* _What you have to do_
Below are entries. Give back exactly the lines from the one containing "An Attractive Overweight" through the one containing "a man in a plaid", inclusive, without the pictures.

* _Dataset content_

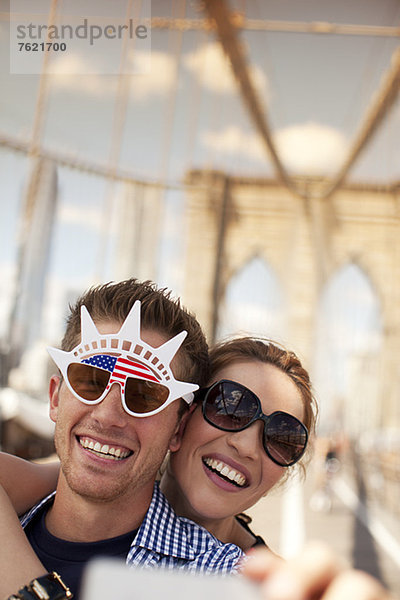 Paar in neuartiger Sonnenbrille fotografiert auf urbaner Brücke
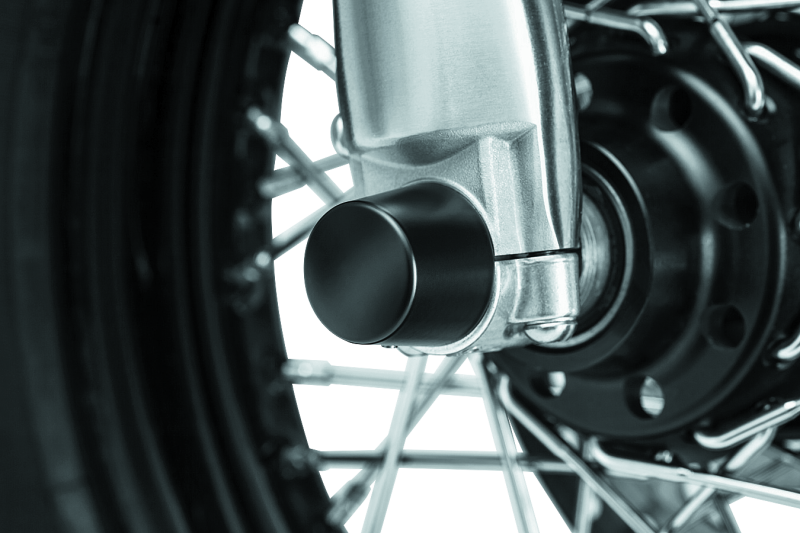 Kuryakyn satin black front axle nut caps for Harley Davidson touring models, fitting securely over the axle nut.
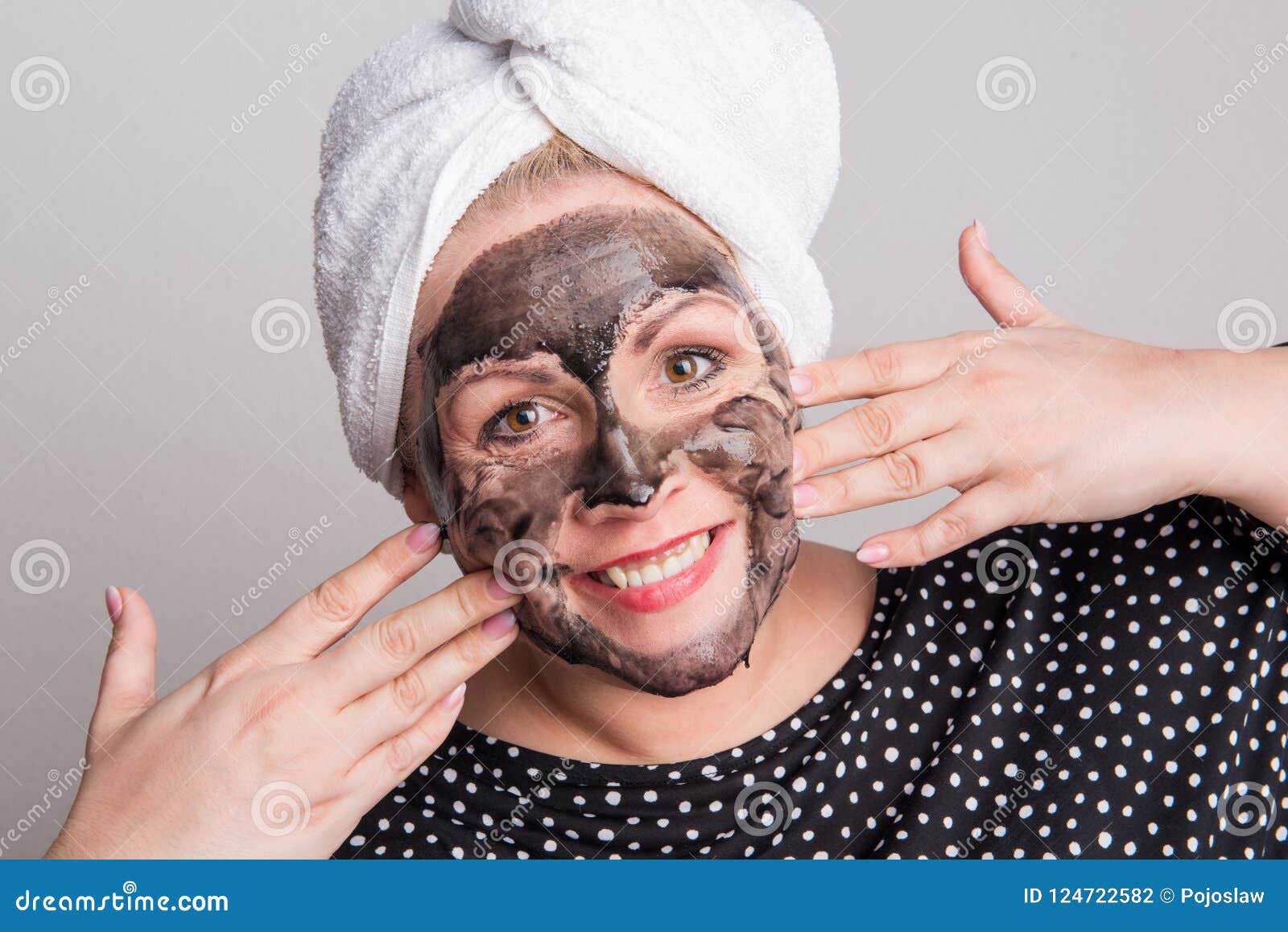 An Attractive Overweight Woman with Black Facial Mask on Her Face in a ...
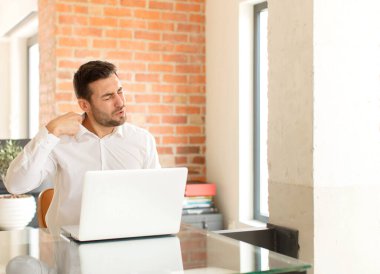 Yakışıklı iş adamı stresli, endişeli, yorgun ve hayal kırıklığına uğramış, gömleğini çekmiş, sıkıntılı görünüyor.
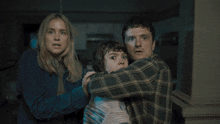 a man in a plaid shirt is hugging a woman and a child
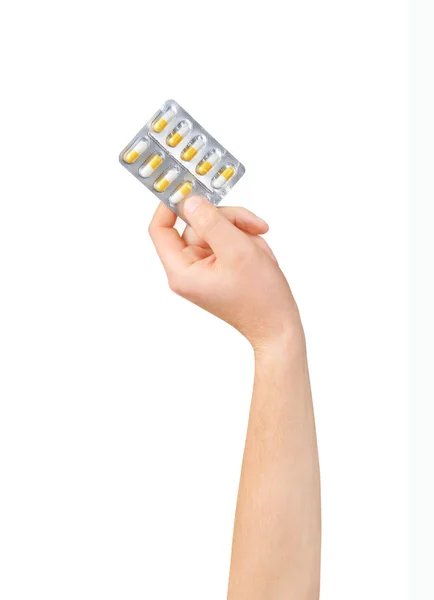 Hand holding medical drugs - full silver leaflet of white pills — Stock Photo, Image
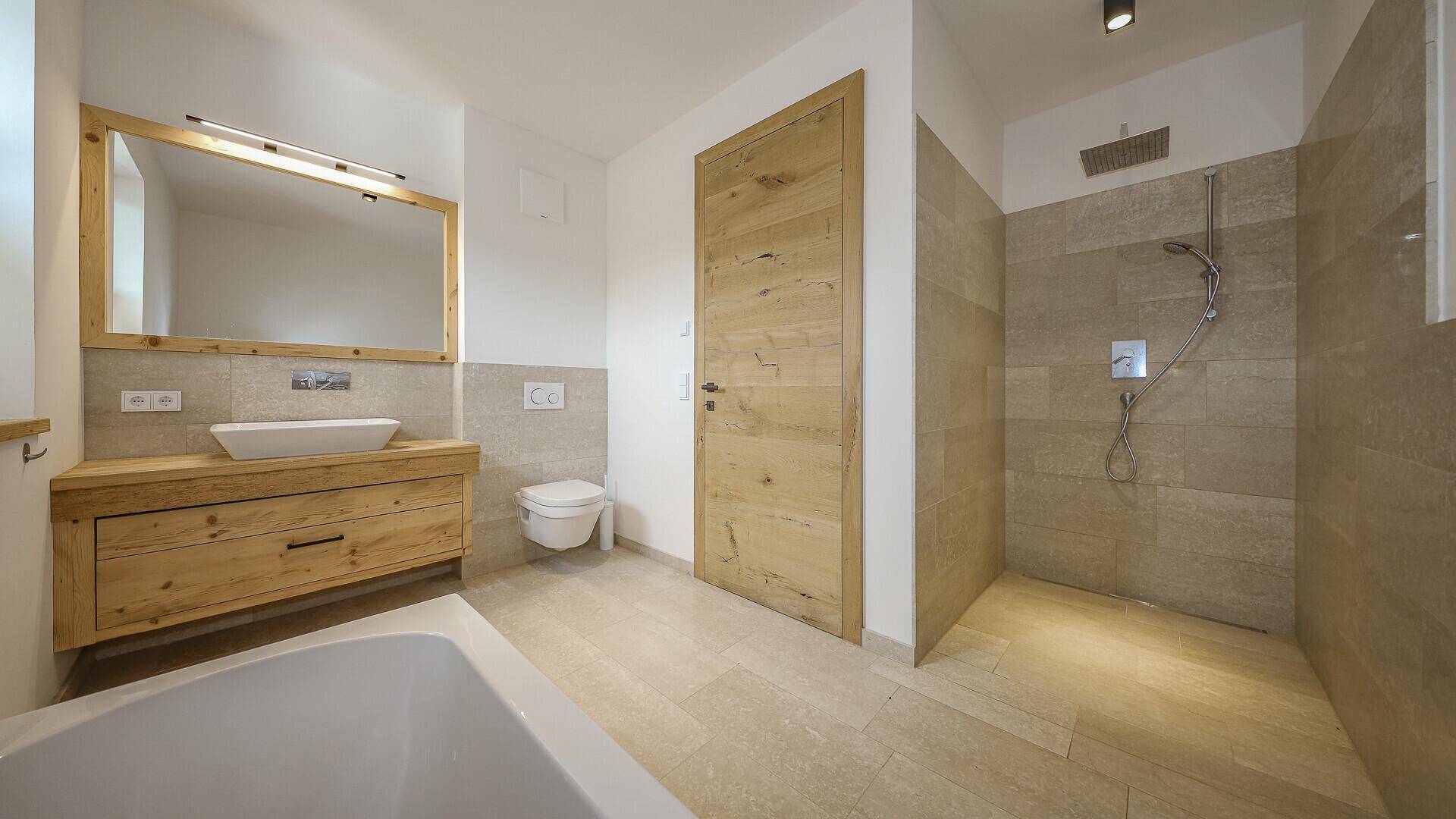 Helles Badezimmer mit Holzwaschtisch, Badewanne und großer ebenerdiger Dusche.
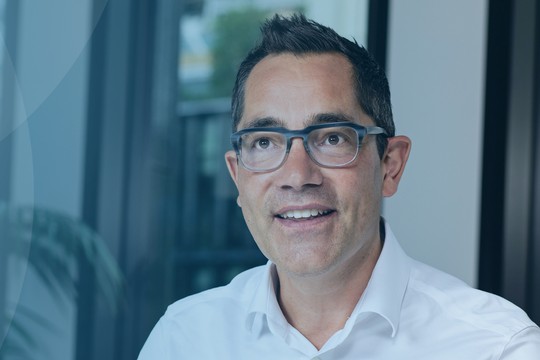 A man wearing glasses and a white shirt smiles while sitting in a well-lit indoor space. The background features blurred windows and greenery, creating a professional atmosphere.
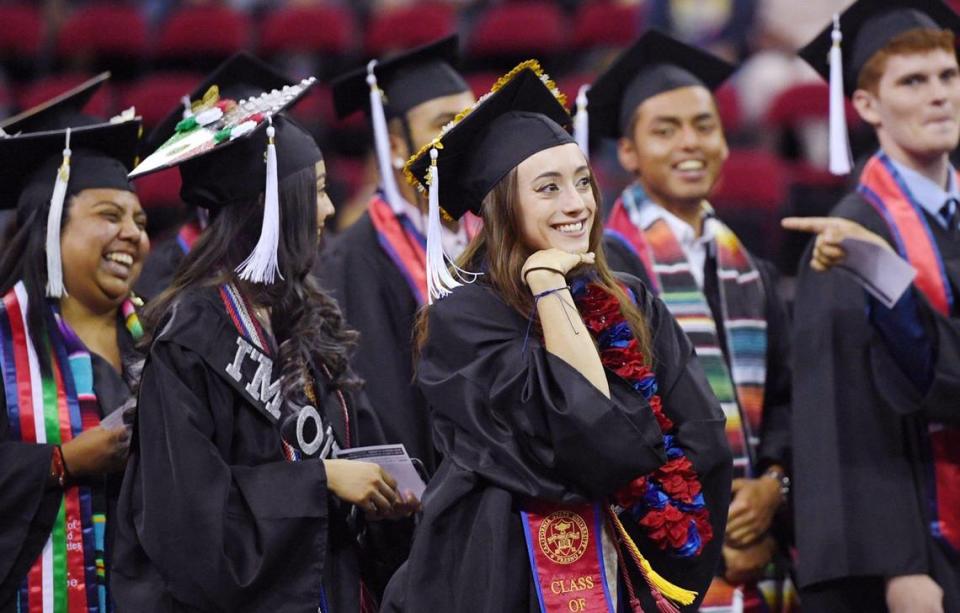 Siena Simas, center, poses as she and four hundred and fifty students gathered for Fresno State’s College of Arts and Humanities commencement exercise Friday, May 20, 2022 in Fresno.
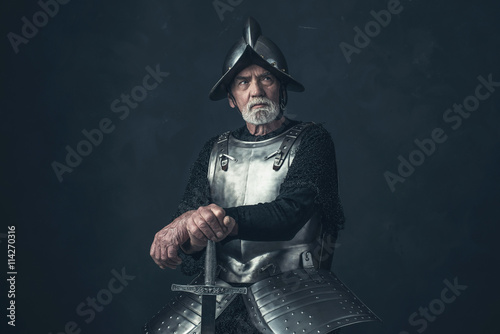 Plakat Rycerz z brodą w zbroi oparty na mieczu.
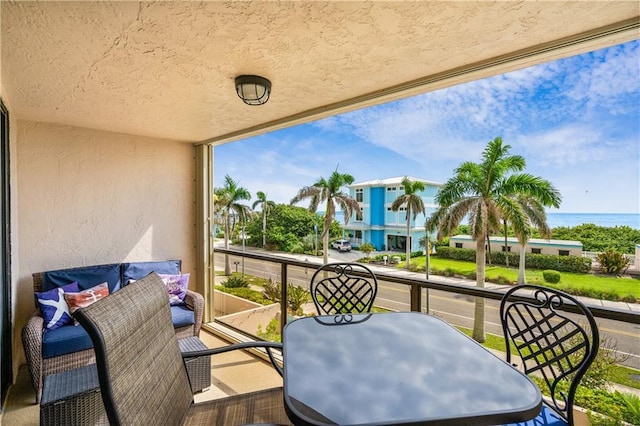 balcony featuring a water view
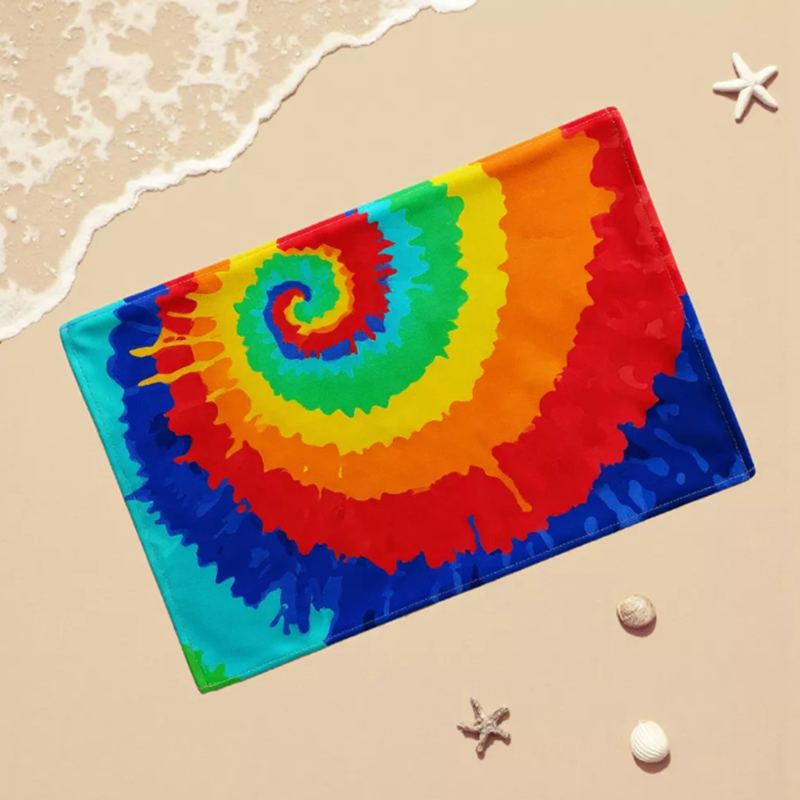 Colorful tie-dye beach towel made with quick-dry microfiber and sand-free smooth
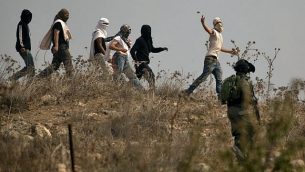 صورة توضيحية: جنود إسرائيليون يقفون امام مستوطنين إسرائيليين ملثمين يقومون بإلقاء الحجارة على متظاهرين فلسطينيين، خلال مظاهرة ضد البناء في بؤرة استياطنية إسرائيلية بالقرب من قرية ترمسعيّا الفلسطينية ومستوطنة شيلو، شمال رام الله في الضفة الغربية ، 17 أكتوبر 2019 (JAAFAR ASHTIYEH / AFP)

* _Response_
 An Attractive Overweight Woman with Black Facial Mask on Her Face in a ...
 Yakışıklı iş adamı stresli, endişeli, yorgun ve hayal kırıklığına uğramış, gömleğini çekmiş, sıkıntılı görünüyor.
 a man in a plaid shirt is hugging a woman and a child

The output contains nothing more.